● Exercise instructions: The exercise calls for the lines from the one containing "The Mediation of" to the end of the data below to be output exactly, pictures excluded.

● Task input:
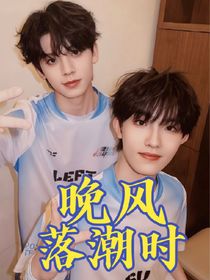 左新房：晚风落潮时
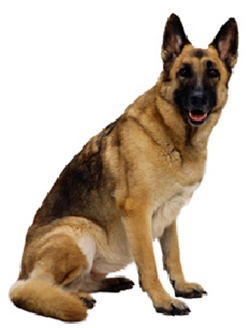 Pannus in Dogs | VCA Animal Hospital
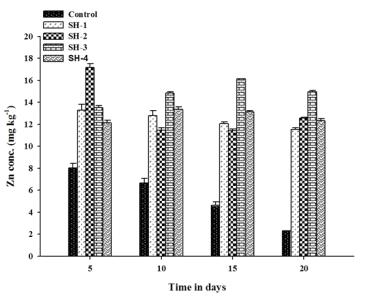Removal percentage of Zn in control, SH-1, SH-2, SH-soil leachate in different time interval. Error bars indicate standard d3eavniadt ioSnH -of4 mtereaantse, d wmheinree absent, bars fall within symbols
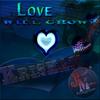 Love Will Grow - Krishan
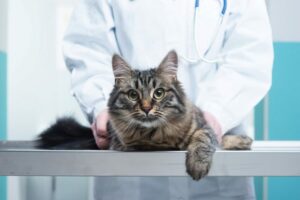علاج مرض السكري في القطط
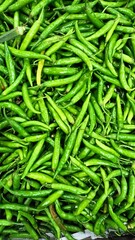 green  chilli background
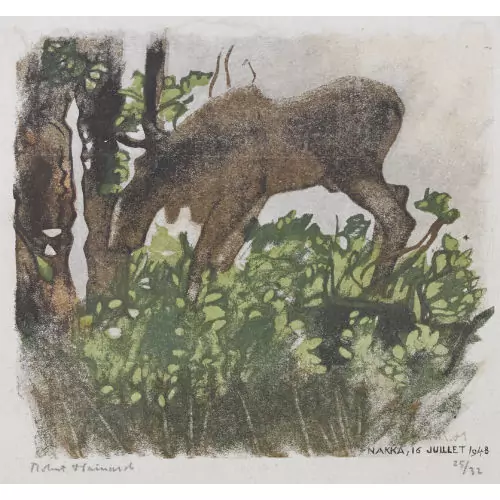 "Élan dans la brume matinale"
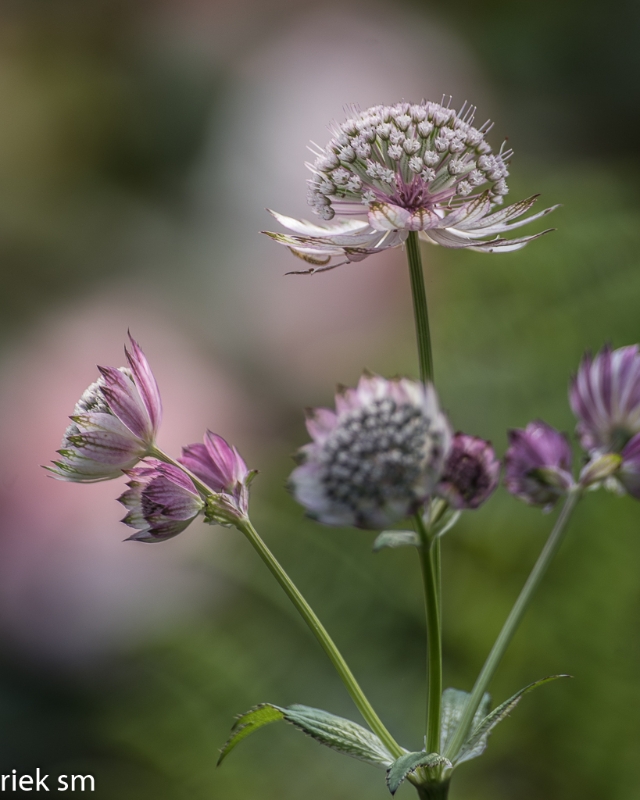 Butchant Garden Victoria (6 van 33).jpg - Butchant Gardens Victoria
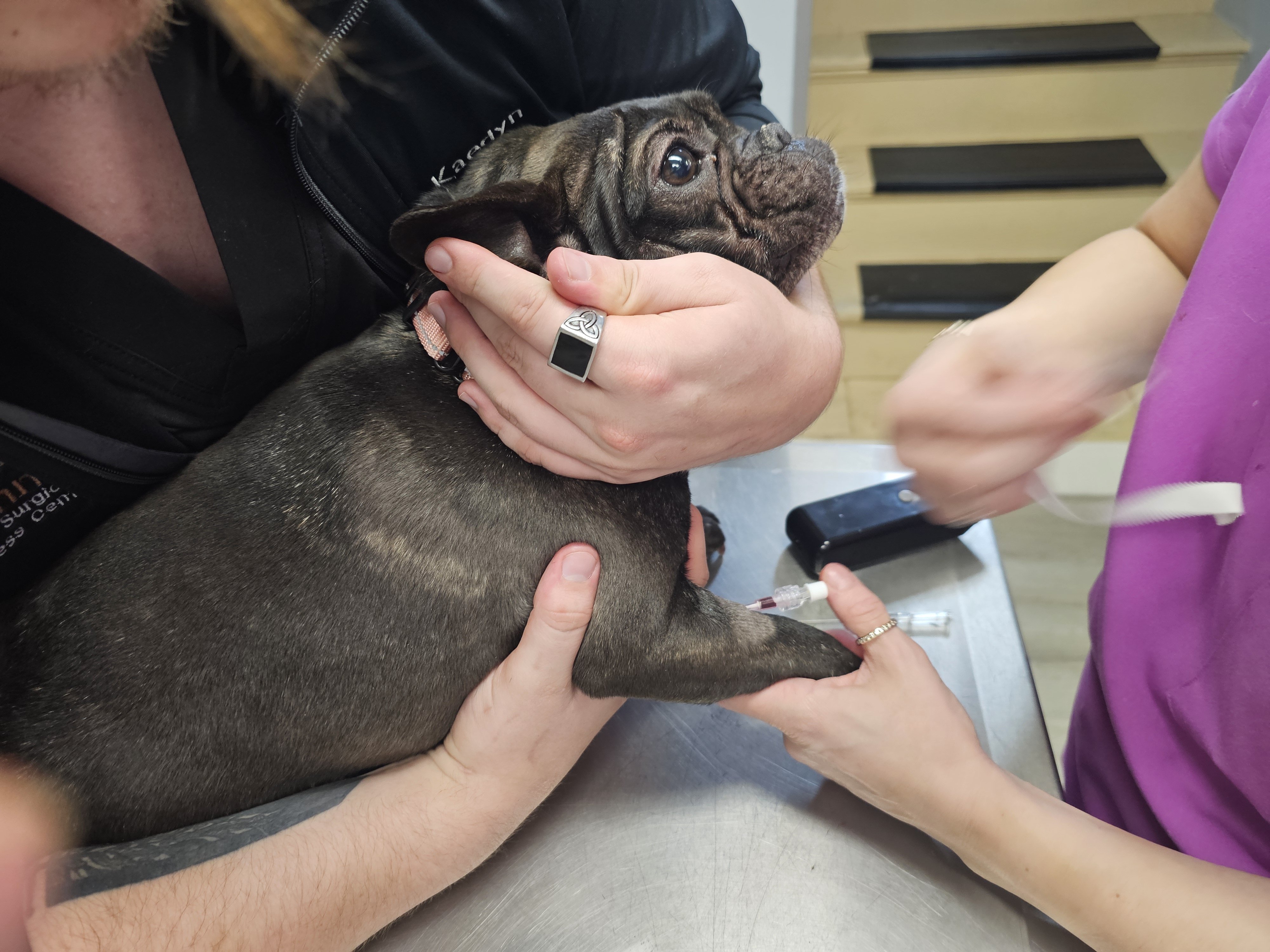 Veterinary care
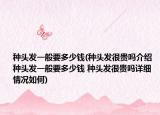 种头发一般要多少钱(种头发很贵吗介绍 种头发一般要多少钱 种头发很贵吗详细情况如何)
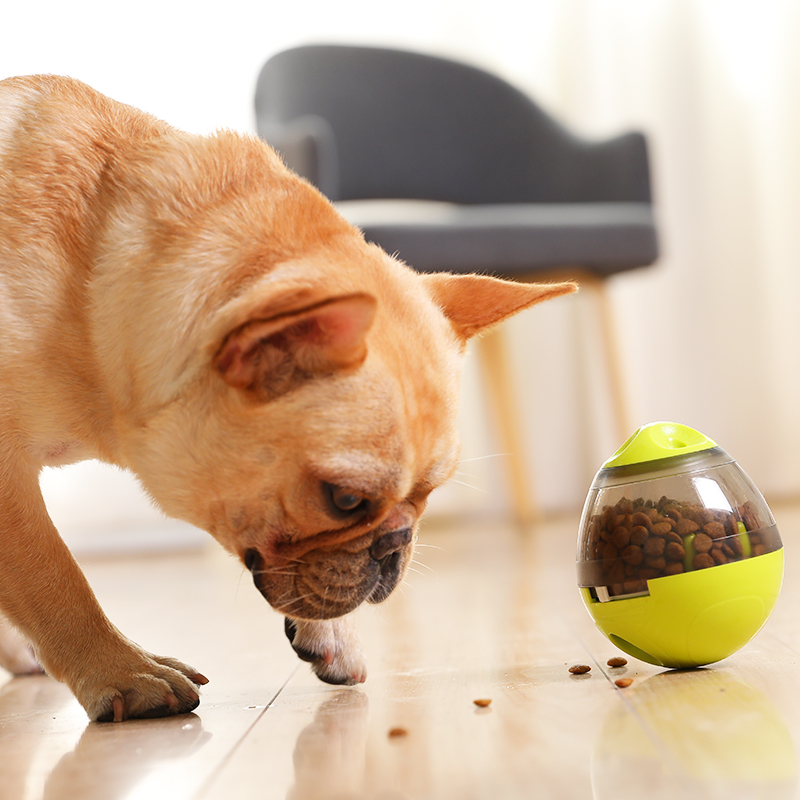 宠物狗狗漏食球不倒翁大型犬耐咬调节狗粮喂食器泰迪解闷益智玩具在类目 宠物/宠物食品及用品, 猫/狗玩具, 漏食球中 - 来自Buy2taobao.com提供专业的淘宝代购服务
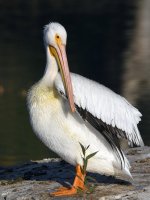 Pelican3.jpg
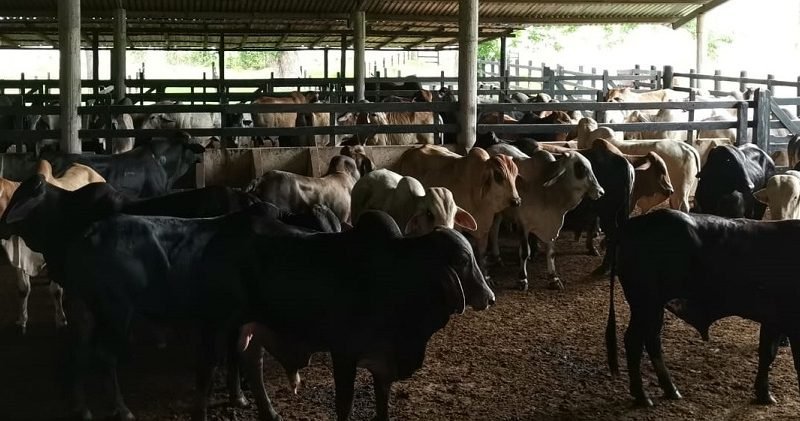 Ganado-preciodefebrero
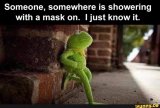 kermit_covid2.jpg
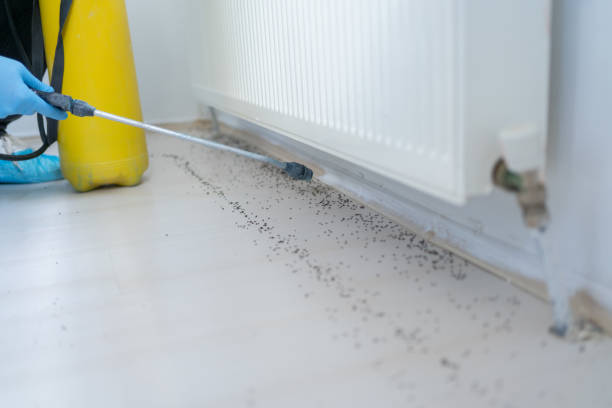 Best Local Pest Control Services  in Rock Springs, WY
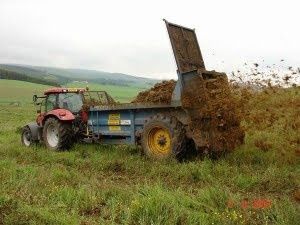 Навоз, гній коровячий. Дрбриво для городу.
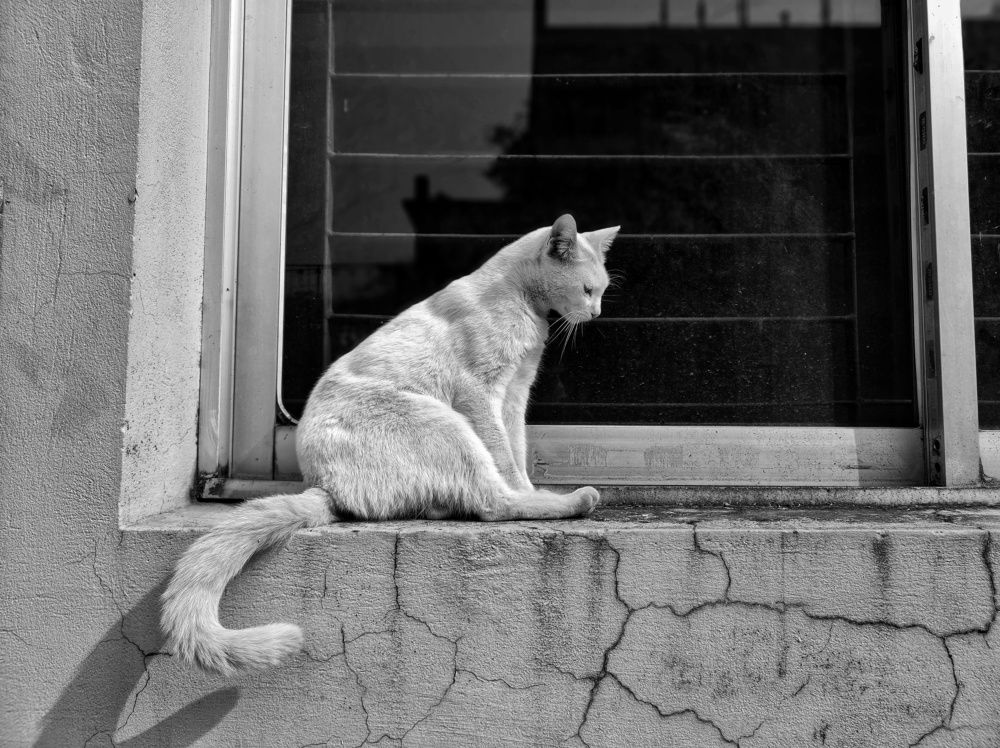 Cat awake from sleep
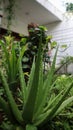 Aloe vera is succulent plant, grow wilf in tropica, easy to grow, used for home plant and ornamental, spike around the leave, and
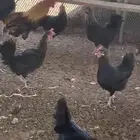 دجاج بلدي بياض حظان درجه اولى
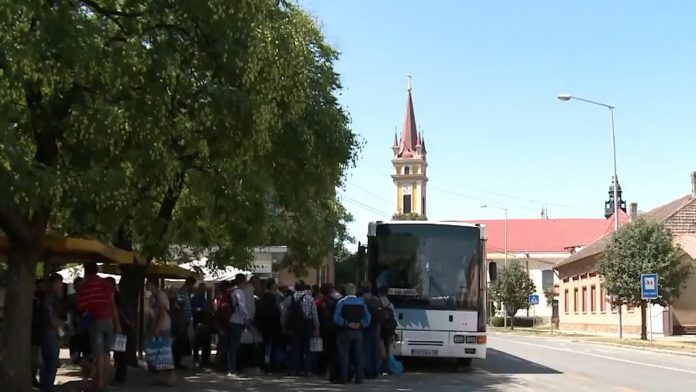 migranti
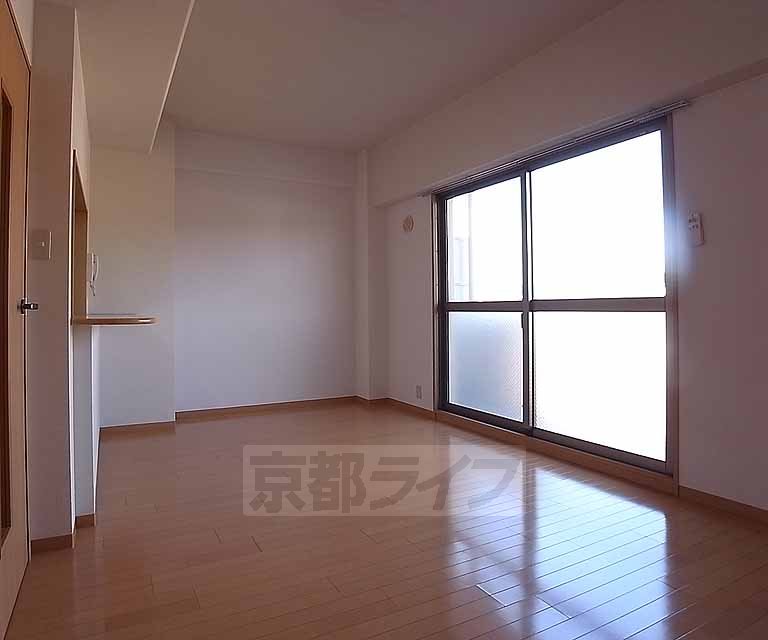 Living and room. Spacious room.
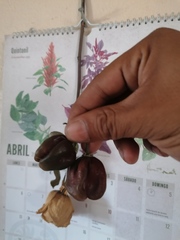 Capsicum chinense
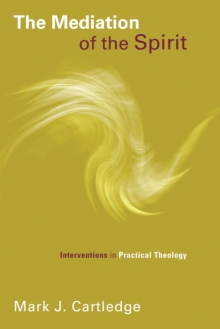 The Mediation of the Spirit : Interventions in Practical Theology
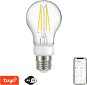 Immax NEO LITE Smart Filament Vintage LED E27 7W Warm, Cool White, Dimmable, WiFi - LED Bulb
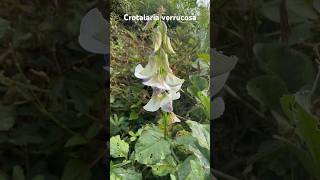 Crotolaria verrucosa a medicinal plant of Odisha medicinal mahanadiriver odisha [upl. by Asillim]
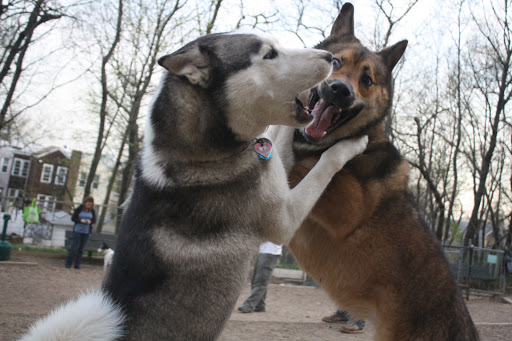 Dog Park «Forest Park Dog Run», reviews and photos, 8445 Park Ln S, Woodhaven, NY 11421, USA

● Written solution:
 The Mediation of the Spirit : Interventions in Practical Theology
 Immax NEO LITE Smart Filament Vintage LED E27 7W Warm, Cool White, Dimmable, WiFi - LED Bulb
 Crotolaria verrucosa a medicinal plant of Odisha medicinal mahanadiriver odisha [upl. by Asillim]
 Dog Park «Forest Park Dog Run», reviews and photos, 8445 Park Ln S, Woodhaven, NY 11421, USA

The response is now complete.